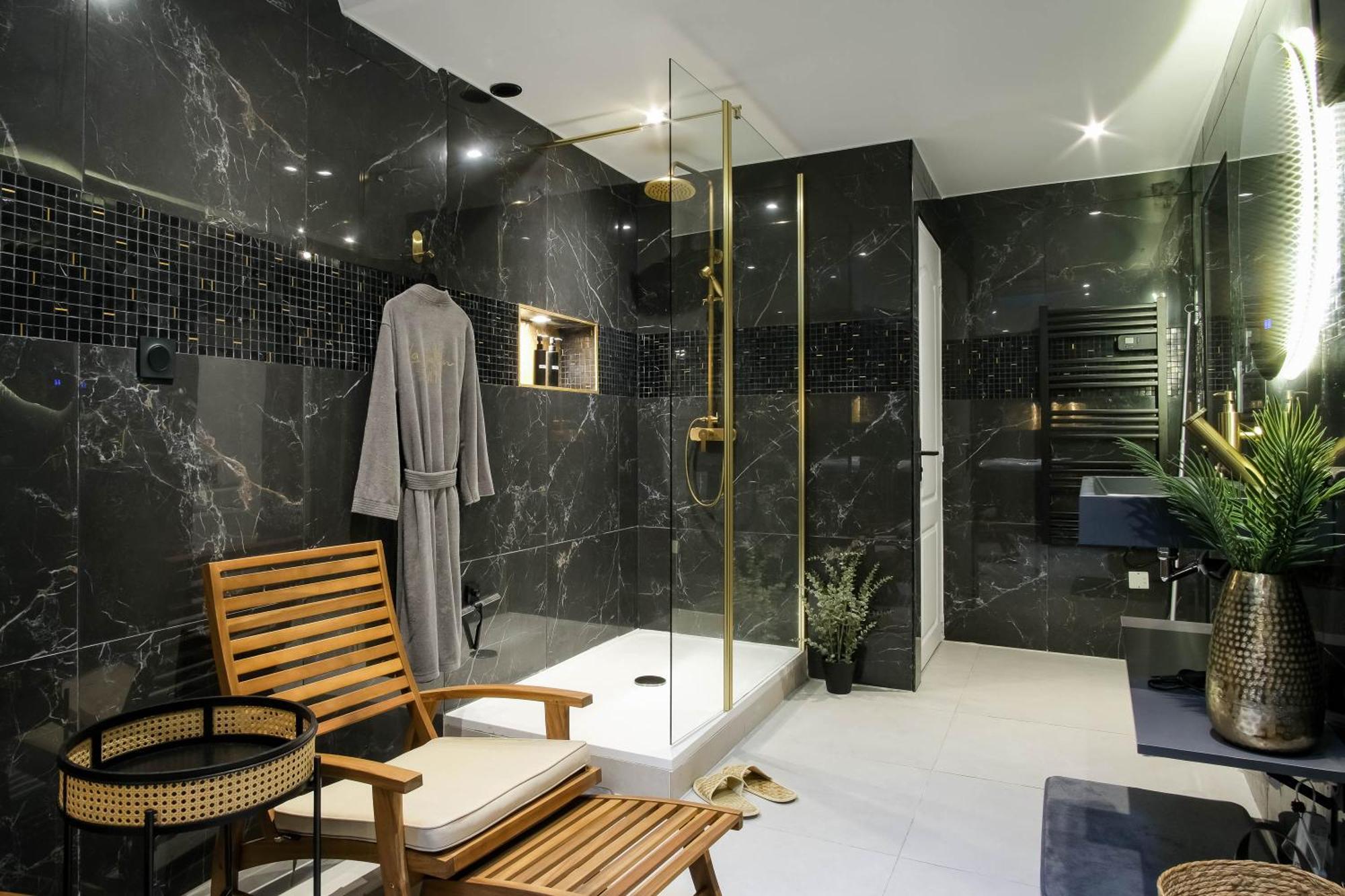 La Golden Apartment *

...

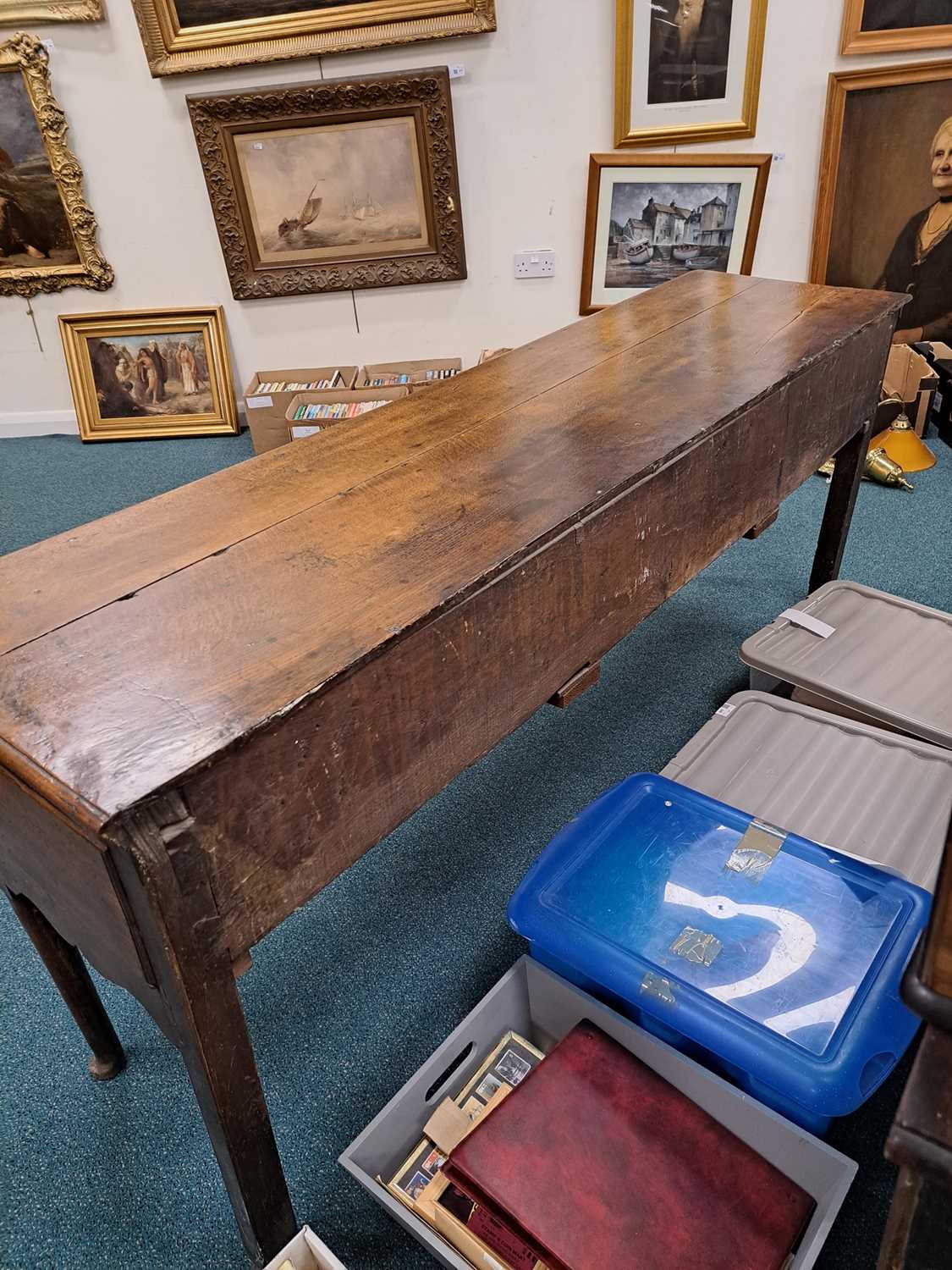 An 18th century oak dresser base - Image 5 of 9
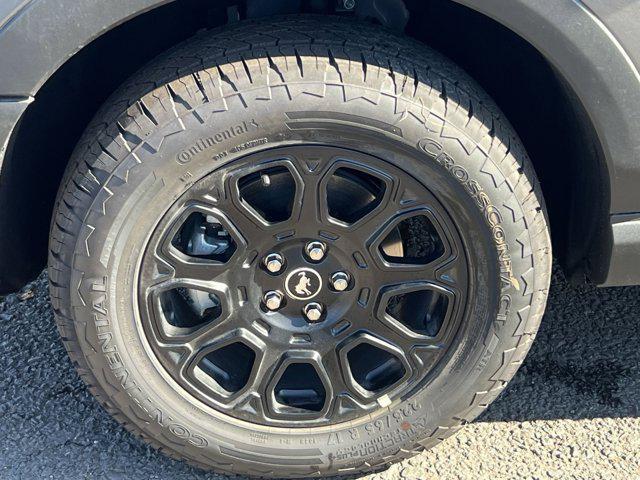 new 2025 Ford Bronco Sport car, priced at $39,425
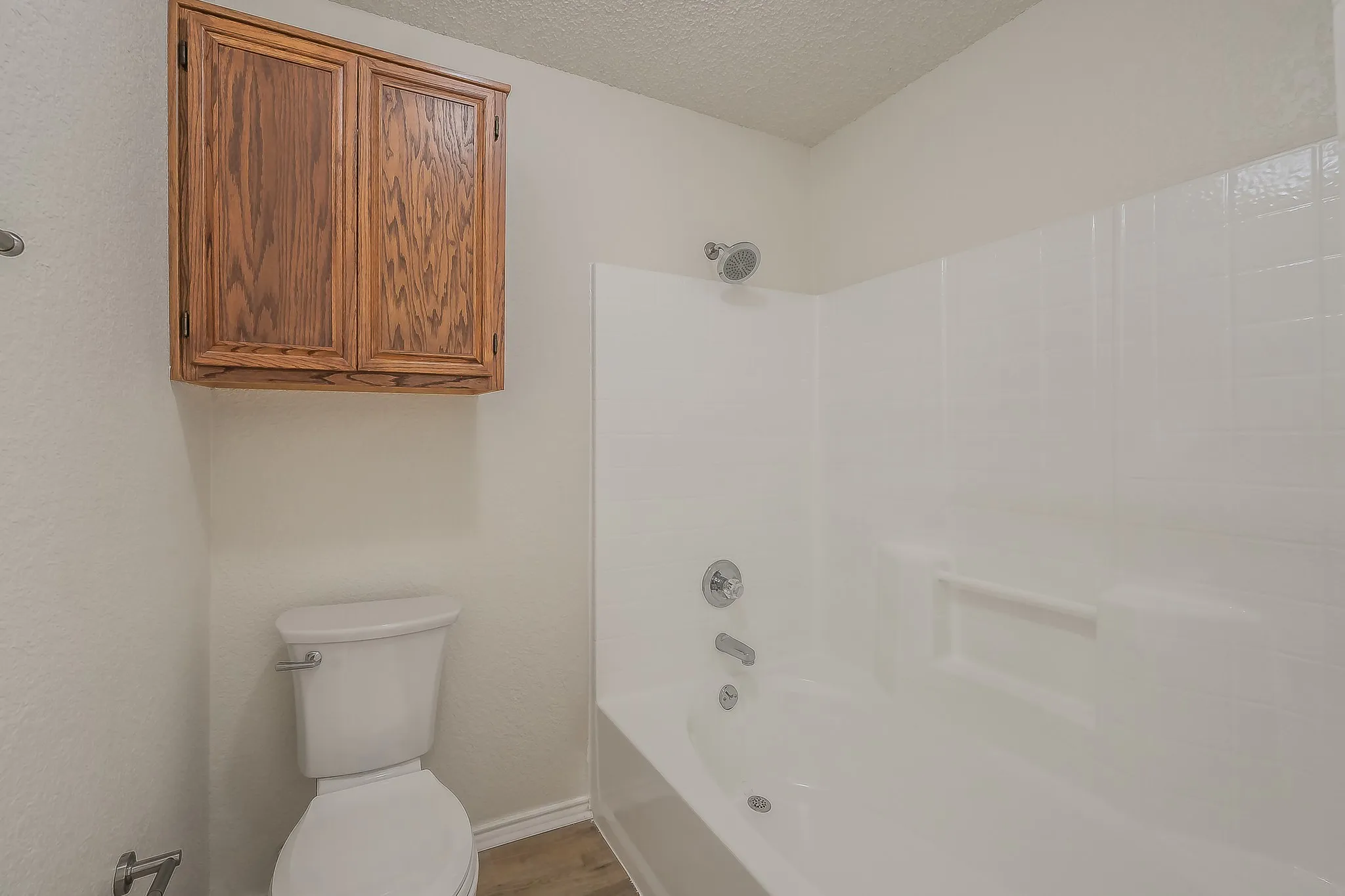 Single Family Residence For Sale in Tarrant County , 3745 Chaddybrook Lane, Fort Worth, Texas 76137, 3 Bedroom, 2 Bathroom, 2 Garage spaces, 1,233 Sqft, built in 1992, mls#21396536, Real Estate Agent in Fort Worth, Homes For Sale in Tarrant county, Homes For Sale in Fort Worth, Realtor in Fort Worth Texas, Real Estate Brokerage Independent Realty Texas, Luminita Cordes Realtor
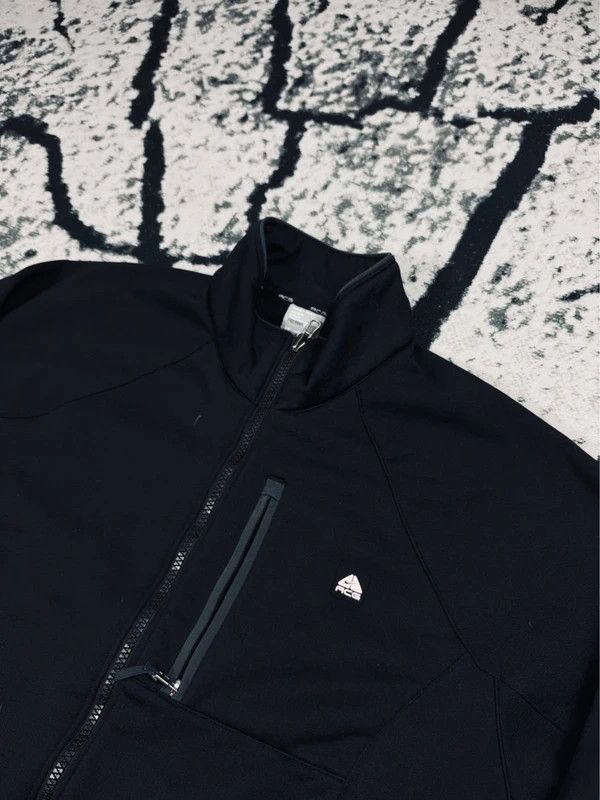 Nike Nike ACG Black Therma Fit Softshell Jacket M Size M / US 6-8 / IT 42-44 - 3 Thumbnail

» **TASK PROMPT**: Going back to the data above, write out everything from the line with "An 18th century" down to the line with "new 2025 Ford", both included, leaving every picture out.

» **SOLUTION TO THE PROBLEM**:
 An 18th century oak dresser base - Image 5 of 9
 new 2025 Ford Bronco Sport car, priced at $39,425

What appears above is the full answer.